HDMI connections give you a digital signal from the computer to the HDTV. Usually sound is included in the HDMI signal, so an audio cable is not required. However, some TVs do not support sound over HDMI, and sound is also not transmitted with a DVI to HDMI cable. In these cases, you will need a separate audio cable.
Component cables transmit analog signals between your computer and your HDTV. These are high-quality signals and can support HD resolutions. Component cables come bundled as three color-coded cables: one red, one green and one blue. They do not carry audio signals, so you will need separate audio cabling.
While HDTVs often have component inputs, computers usually do not carry component outputs. Adapters and cables can connect DVI outputs to component inputs, but it is important to note that computer DVI systems typically output RGB signals, rather than the Y/Pb/Pr format used in TVs. For this reason we do not recommend any DVI to component solutions unless you are certain your video card supports the right format.
VGA cables transmit analog video signals from your computer to your HDTV. VGA outputs are common on PCs, and VGA inputs are common on HDTVs.

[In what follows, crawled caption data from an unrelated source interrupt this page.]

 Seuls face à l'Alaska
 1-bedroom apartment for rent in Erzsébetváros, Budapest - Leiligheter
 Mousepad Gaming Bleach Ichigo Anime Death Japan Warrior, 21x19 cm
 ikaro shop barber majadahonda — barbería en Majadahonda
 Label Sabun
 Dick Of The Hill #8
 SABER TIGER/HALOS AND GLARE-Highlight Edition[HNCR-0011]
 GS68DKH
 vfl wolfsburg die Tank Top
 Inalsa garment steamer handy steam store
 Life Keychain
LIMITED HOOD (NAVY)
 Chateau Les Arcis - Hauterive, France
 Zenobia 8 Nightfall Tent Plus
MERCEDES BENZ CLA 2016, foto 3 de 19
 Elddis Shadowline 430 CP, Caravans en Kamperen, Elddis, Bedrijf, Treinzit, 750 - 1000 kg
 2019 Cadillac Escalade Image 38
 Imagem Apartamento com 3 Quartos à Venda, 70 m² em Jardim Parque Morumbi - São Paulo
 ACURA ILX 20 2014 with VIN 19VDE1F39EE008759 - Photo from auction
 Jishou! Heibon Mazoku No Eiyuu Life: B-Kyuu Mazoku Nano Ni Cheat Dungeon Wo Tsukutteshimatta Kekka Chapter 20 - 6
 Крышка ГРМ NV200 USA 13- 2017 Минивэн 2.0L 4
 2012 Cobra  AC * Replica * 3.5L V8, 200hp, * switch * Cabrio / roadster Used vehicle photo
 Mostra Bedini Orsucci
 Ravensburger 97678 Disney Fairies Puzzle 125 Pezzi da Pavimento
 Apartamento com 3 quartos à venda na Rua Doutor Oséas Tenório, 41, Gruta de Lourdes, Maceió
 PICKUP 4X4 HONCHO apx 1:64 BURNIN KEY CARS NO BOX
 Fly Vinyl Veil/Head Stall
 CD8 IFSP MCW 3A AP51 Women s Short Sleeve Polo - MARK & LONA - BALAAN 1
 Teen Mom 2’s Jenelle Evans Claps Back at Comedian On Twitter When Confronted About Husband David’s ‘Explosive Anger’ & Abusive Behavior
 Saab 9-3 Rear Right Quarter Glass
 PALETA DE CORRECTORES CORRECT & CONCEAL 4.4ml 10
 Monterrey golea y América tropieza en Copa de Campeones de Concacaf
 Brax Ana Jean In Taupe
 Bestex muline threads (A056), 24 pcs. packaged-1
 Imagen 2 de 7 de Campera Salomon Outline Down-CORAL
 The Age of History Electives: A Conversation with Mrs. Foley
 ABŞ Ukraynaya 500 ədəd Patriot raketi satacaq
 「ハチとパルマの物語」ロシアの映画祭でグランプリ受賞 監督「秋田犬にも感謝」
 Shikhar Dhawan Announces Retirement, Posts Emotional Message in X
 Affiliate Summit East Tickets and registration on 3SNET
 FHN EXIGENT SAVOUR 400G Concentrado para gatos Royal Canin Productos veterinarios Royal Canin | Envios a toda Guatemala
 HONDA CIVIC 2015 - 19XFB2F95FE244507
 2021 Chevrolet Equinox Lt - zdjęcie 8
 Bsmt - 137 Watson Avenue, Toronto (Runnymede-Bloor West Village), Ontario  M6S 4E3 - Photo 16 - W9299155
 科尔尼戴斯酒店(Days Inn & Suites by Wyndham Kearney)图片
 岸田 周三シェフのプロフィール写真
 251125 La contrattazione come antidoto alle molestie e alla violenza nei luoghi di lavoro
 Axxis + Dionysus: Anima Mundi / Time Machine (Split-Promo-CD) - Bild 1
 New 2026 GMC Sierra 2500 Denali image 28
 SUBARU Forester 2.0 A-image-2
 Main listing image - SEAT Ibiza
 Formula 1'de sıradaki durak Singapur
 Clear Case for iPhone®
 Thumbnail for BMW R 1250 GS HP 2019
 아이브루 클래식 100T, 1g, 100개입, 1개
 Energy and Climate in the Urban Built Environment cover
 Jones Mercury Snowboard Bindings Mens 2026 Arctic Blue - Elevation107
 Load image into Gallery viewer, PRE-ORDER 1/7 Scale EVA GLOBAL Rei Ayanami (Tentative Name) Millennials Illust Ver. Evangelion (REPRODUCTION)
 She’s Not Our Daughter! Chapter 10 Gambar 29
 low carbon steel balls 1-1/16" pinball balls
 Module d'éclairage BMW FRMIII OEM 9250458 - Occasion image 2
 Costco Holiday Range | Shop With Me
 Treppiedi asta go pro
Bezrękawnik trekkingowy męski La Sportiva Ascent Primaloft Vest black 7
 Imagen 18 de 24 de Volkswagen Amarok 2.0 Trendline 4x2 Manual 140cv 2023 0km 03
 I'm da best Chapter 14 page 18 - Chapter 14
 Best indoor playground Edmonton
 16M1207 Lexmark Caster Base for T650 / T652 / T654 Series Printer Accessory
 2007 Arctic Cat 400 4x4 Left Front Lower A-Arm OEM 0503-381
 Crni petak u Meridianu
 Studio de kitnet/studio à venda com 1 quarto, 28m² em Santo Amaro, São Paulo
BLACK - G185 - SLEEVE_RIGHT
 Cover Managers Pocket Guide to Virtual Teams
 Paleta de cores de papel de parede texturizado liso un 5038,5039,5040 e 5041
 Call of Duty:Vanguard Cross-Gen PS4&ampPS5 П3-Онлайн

However, some TVs do not provide HD resolutions from VGA input. There are a wide variety of adapter cables and converter boxes available for VGA. VGA cables do not carry audio, so you need separate cables for audio.
We do not recommend S-video for connecting your computer to your TV. S-video is an analog video signal that is lower quality than HDMI, component or VGA. S-video cannot support HD resolutions, and it does not carry audio.
We do not recommend composite video for connecting your computer to your TV. Composite video cables transmit lower quality signals than any other type, and do not support HD resolutions. They do not carry audio, but a composite cable may come in a bundle with two audio cables, with one yellow connector for video, and red and white connectors for audio.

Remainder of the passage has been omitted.